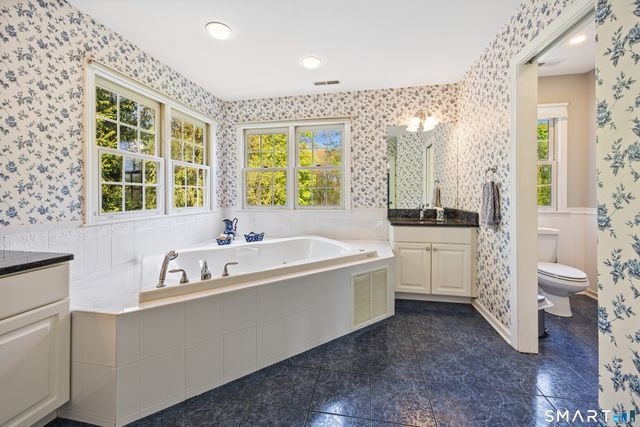 699 Andrea Court, Cheshire, CT 06410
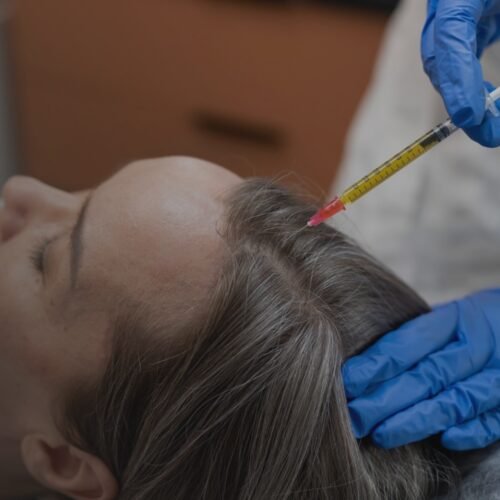 Mulher fazendo tratamento no couro cabeludo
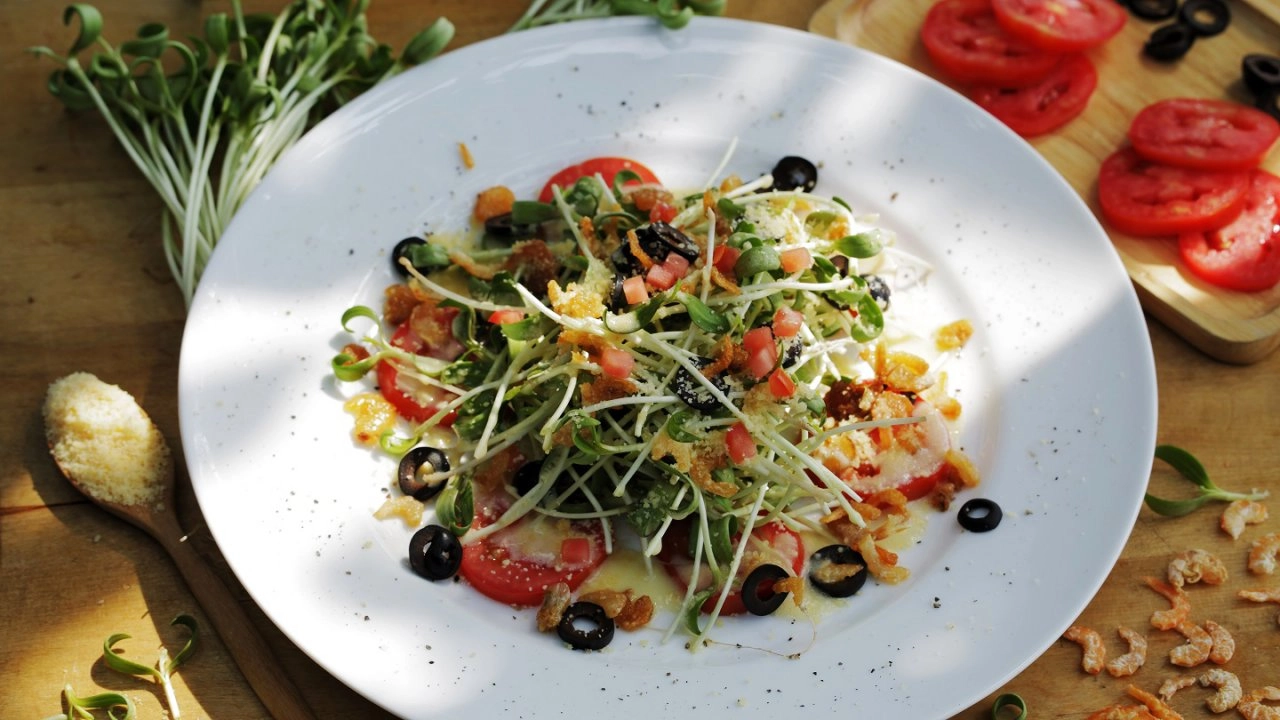 ผักกระชับ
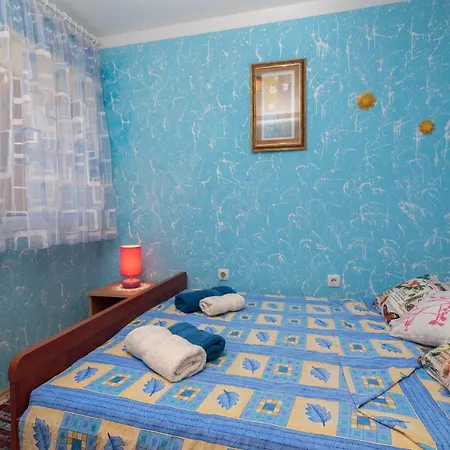A4 - Modern Apt W Terrace 3 Min Walk To Beach Vinišće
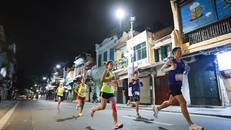 Các chân chạy VPHM 2020 đã bám đuổi nhau ngay từ những km đầu tiên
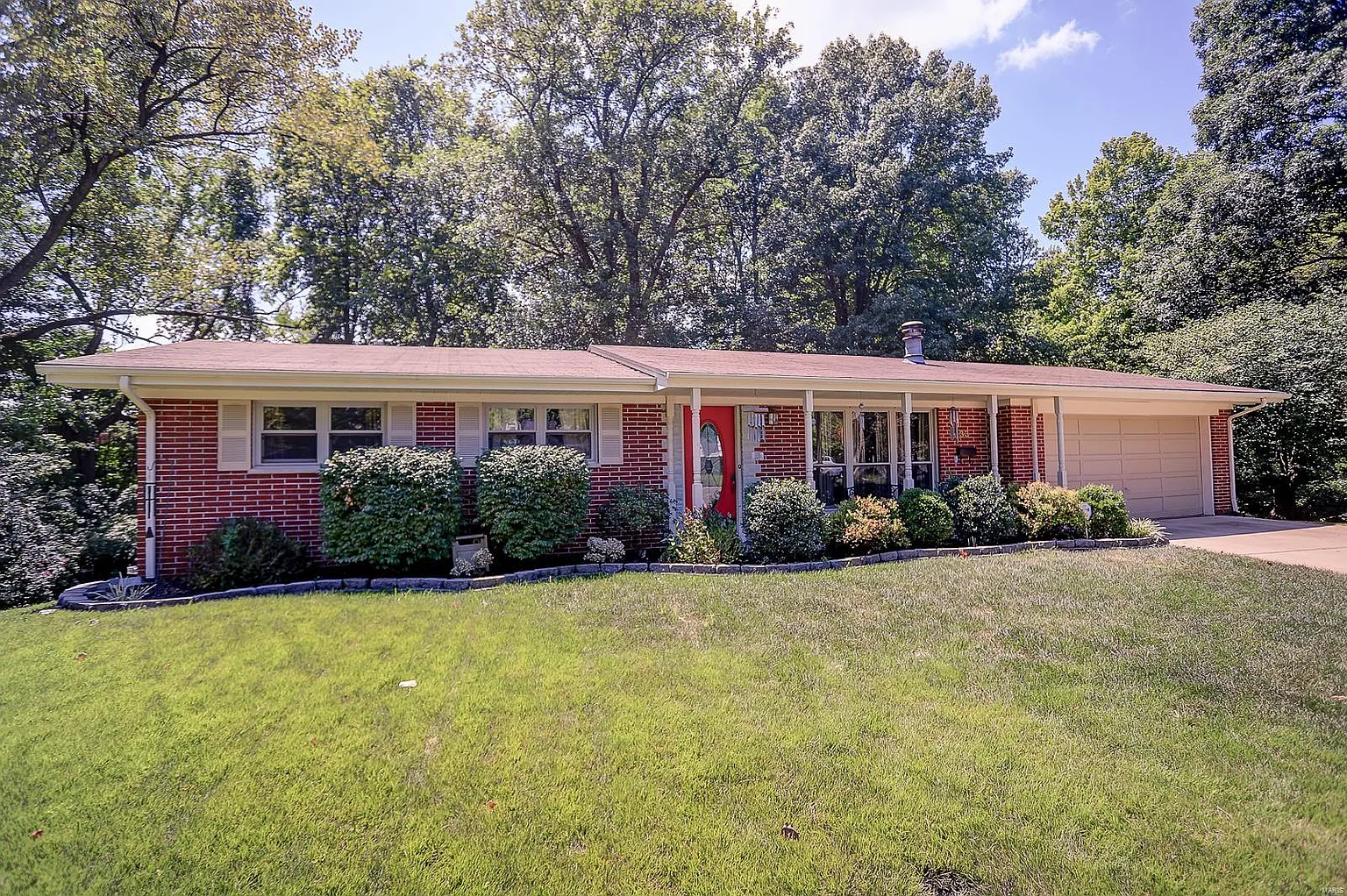 33 Chamberlain Ct photo 1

━━━━━━━━━━

» **WORK INSTRUCTIONS**:
Your copy should match the records above exactly, apart from the pictures, which stay out.

» **EXERCISE OUTPUT**:
 699 Andrea Court, Cheshire, CT 06410
 Mulher fazendo tratamento no couro cabeludo
 ผักกระชับ
A4 - Modern Apt W Terrace 3 Min Walk To Beach Vinišće
 Các chân chạy VPHM 2020 đã bám đuổi nhau ngay từ những km đầu tiên
 33 Chamberlain Ct photo 1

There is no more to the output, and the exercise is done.